= Exercise brief =
Set down the lines below, exactly, starting at the one that contains "Fluffy SV46 FFは紙パック不要でHEPAフィルター3〜5年に1回3,000〜5,000円前後" and stopping at the last line, inclusive. Omit pictures.

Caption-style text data
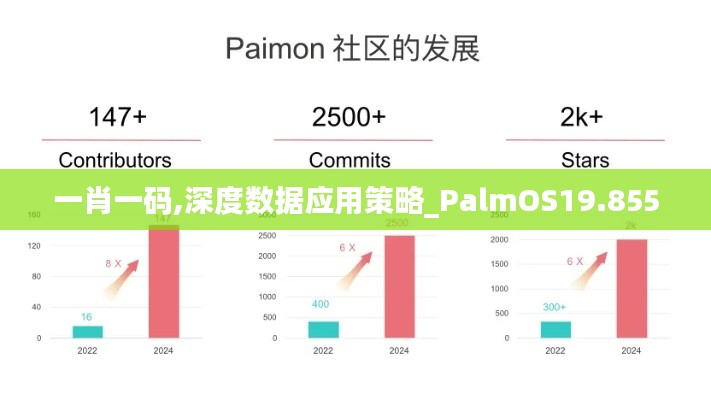 一肖一码,深度数据应用策略_PalmOS19.855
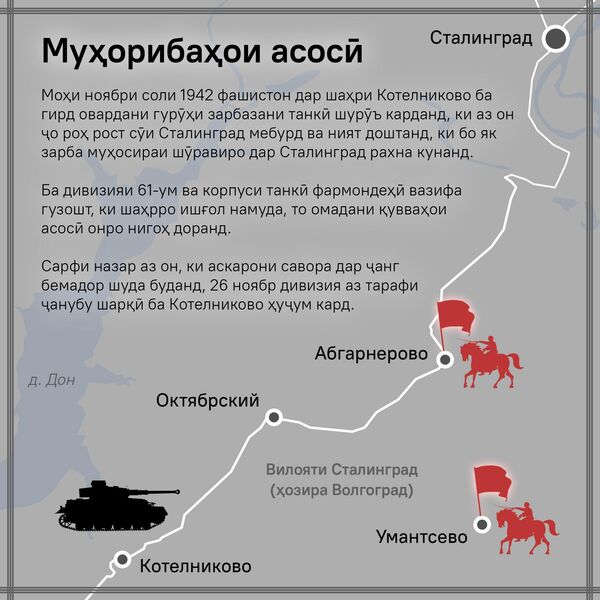 Тоҷикистон дар ҷанги солҳои 1941-1945 - Sputnik Тоҷикистон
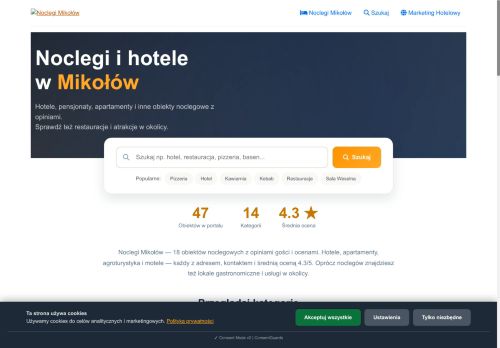 noclegimikolow.pl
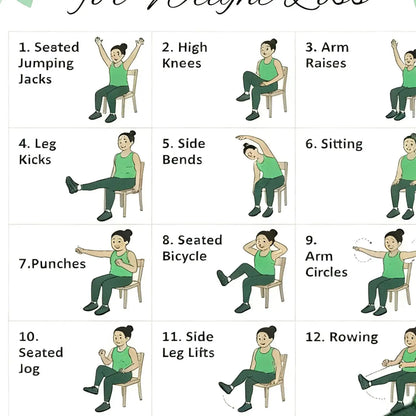 Chair Yoga Chart 30-Day Workout Charts 2 Pieces Chair Yoga Trainer Guide for Senior Beginner Mobility Balance Flexibility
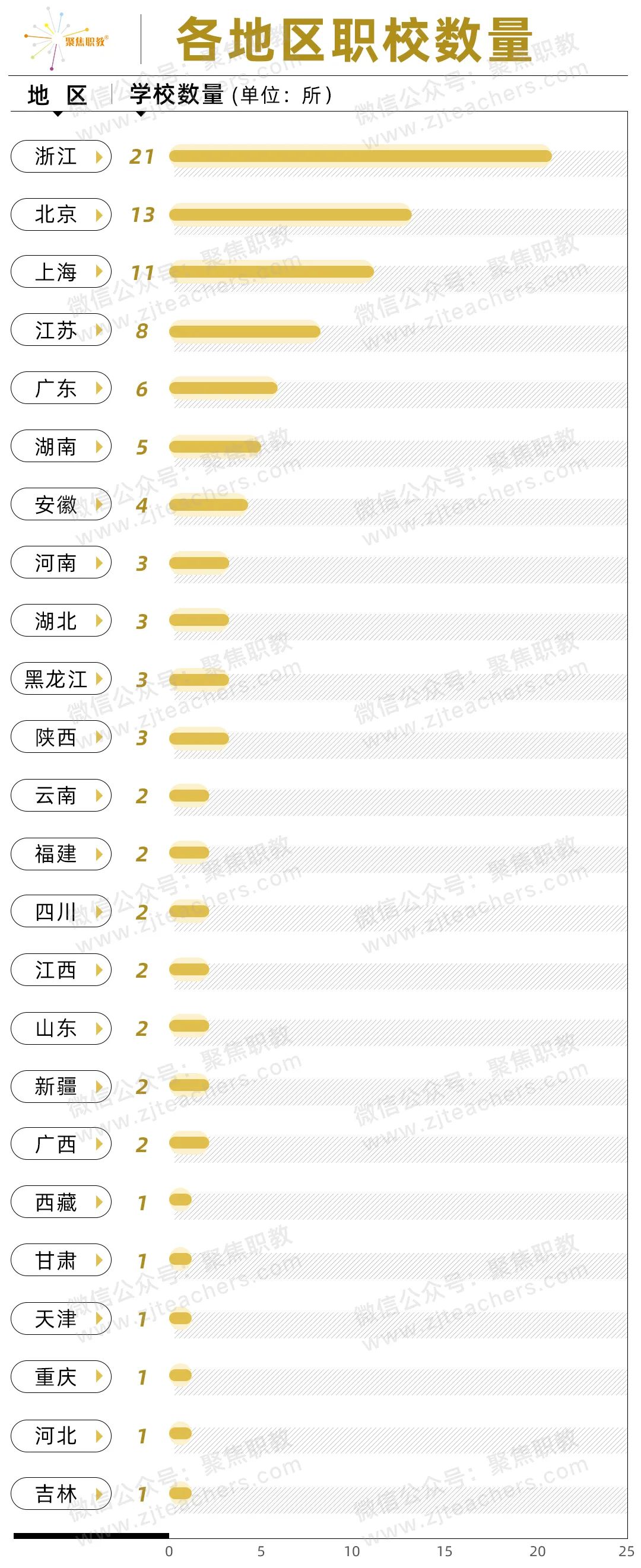 职业学校毕业生年薪排名,职校毕业生月薪排名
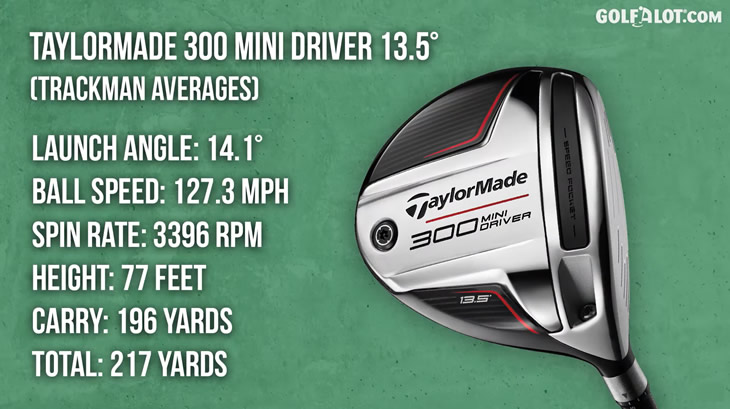 TaylorMade 300 Series Mini Driver Review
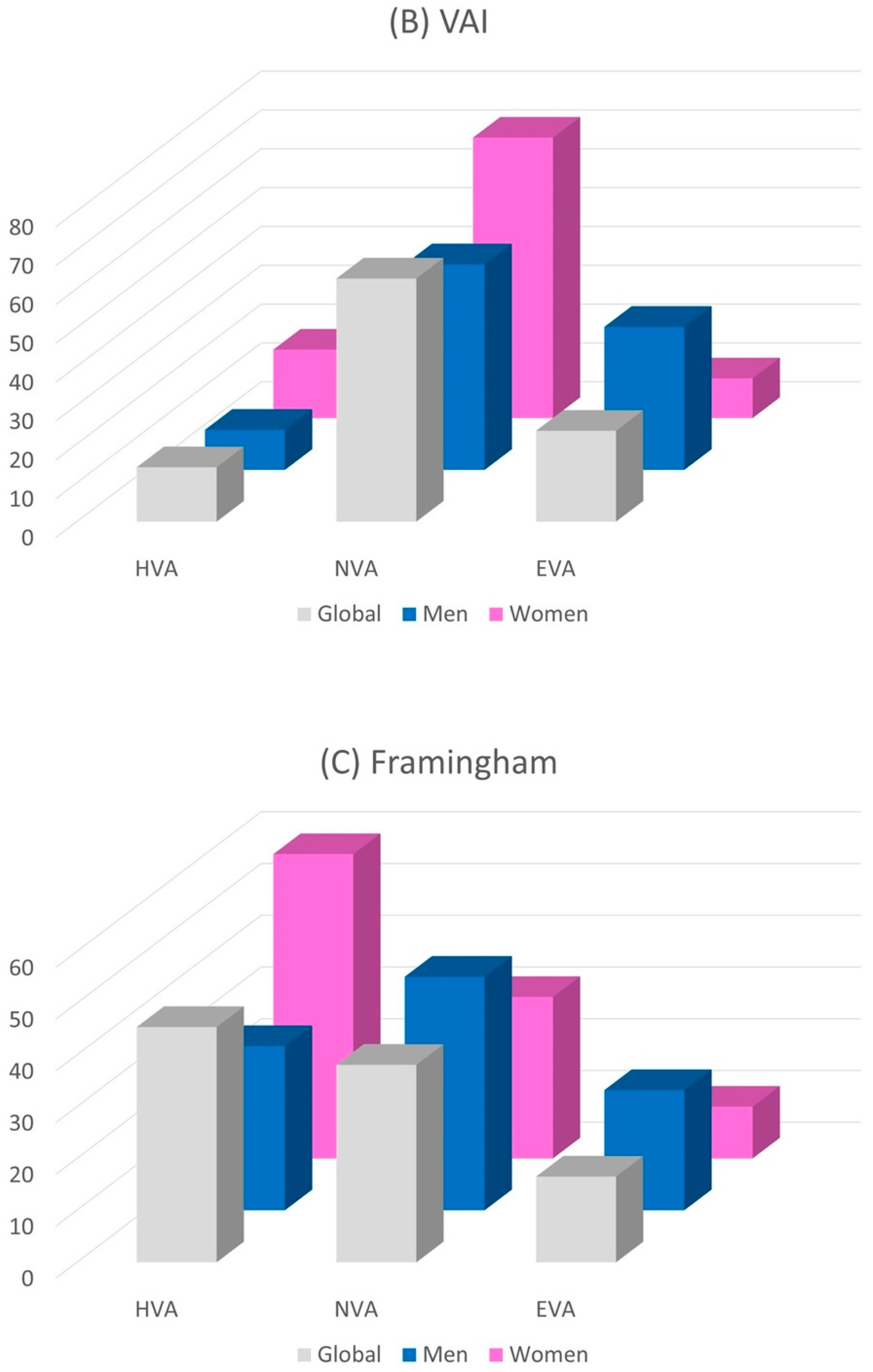 Ijerph 19 05450 g001b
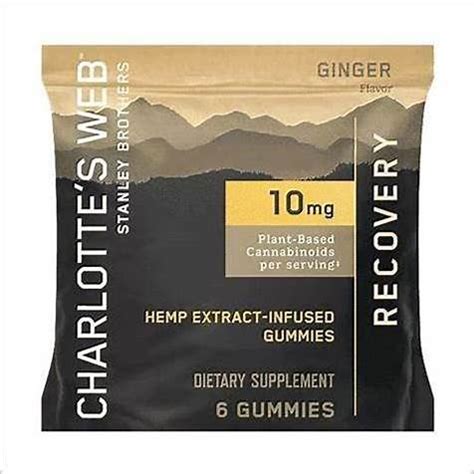 Understanding the Benefits of 50mg CBD Gummies for Enhanced Wellbeing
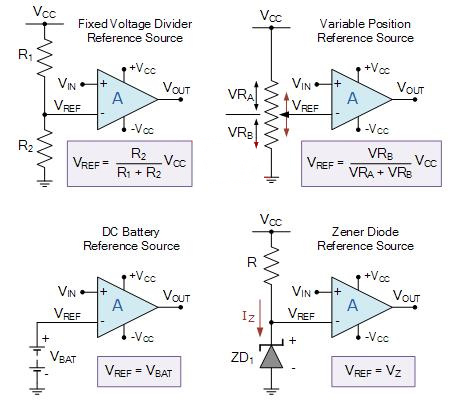 運算放大器比較器電路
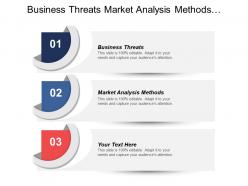 Business threats market analysis methods developing sales leads cpb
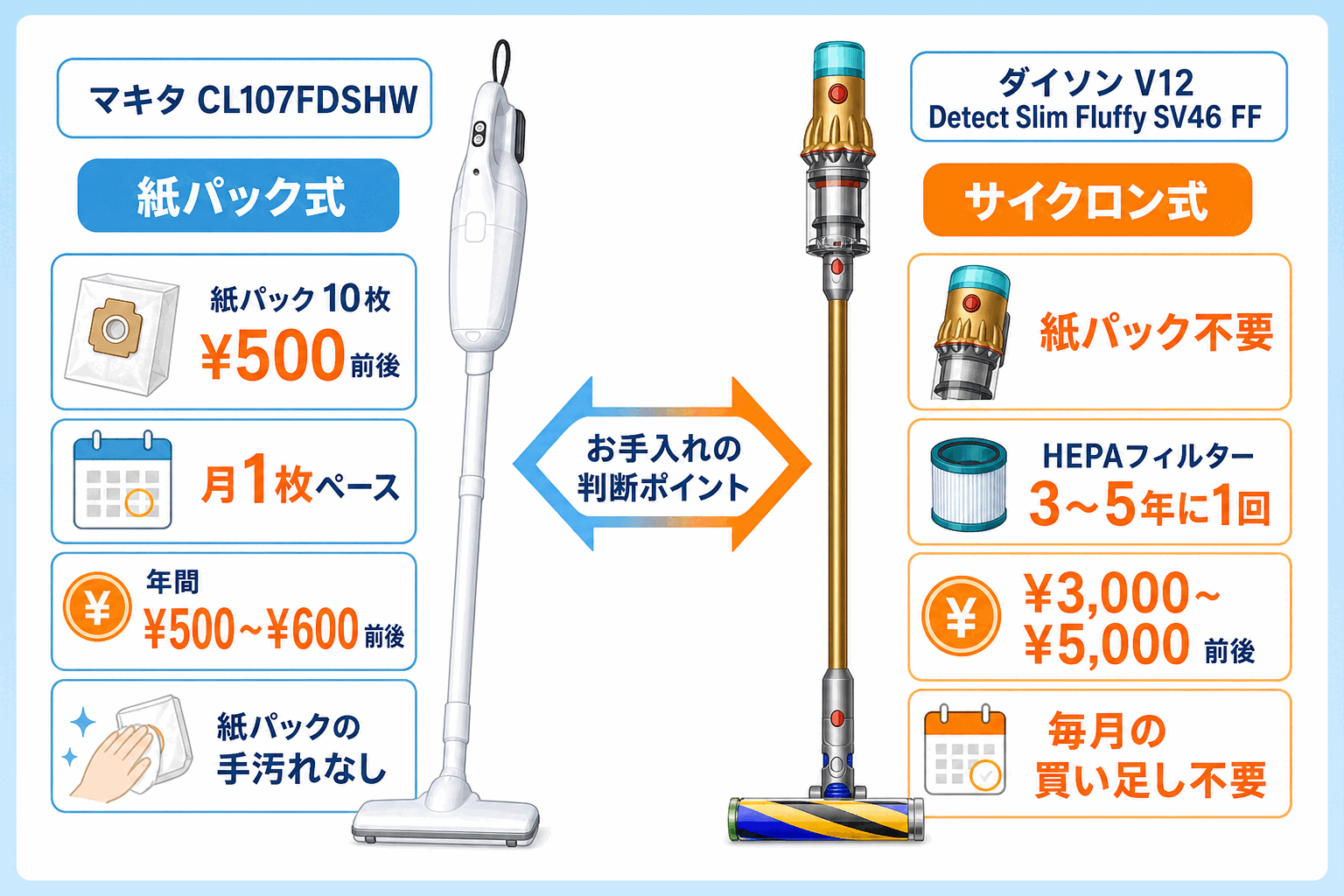 消耗品・お手入れ費の比較|マキタCL107FDSHWは紙パック10枚500円前後を月1枚ペースで年間500〜600円前後、ダイソンV12 Detect Slim Fluffy SV46 FFは紙パック不要でHEPAフィルター3〜5年に1回3,000〜5,000円前後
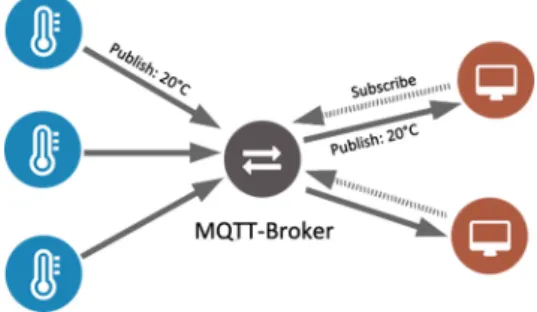 Figure 3. MQTT architecture.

= Task output =
 消耗品・お手入れ費の比較|マキタCL107FDSHWは紙パック10枚500円前後を月1枚ペースで年間500〜600円前後、ダイソンV12 Detect Slim Fluffy SV46 FFは紙パック不要でHEPAフィルター3〜5年に1回3,000〜5,000円前後
 Figure 3. MQTT architecture.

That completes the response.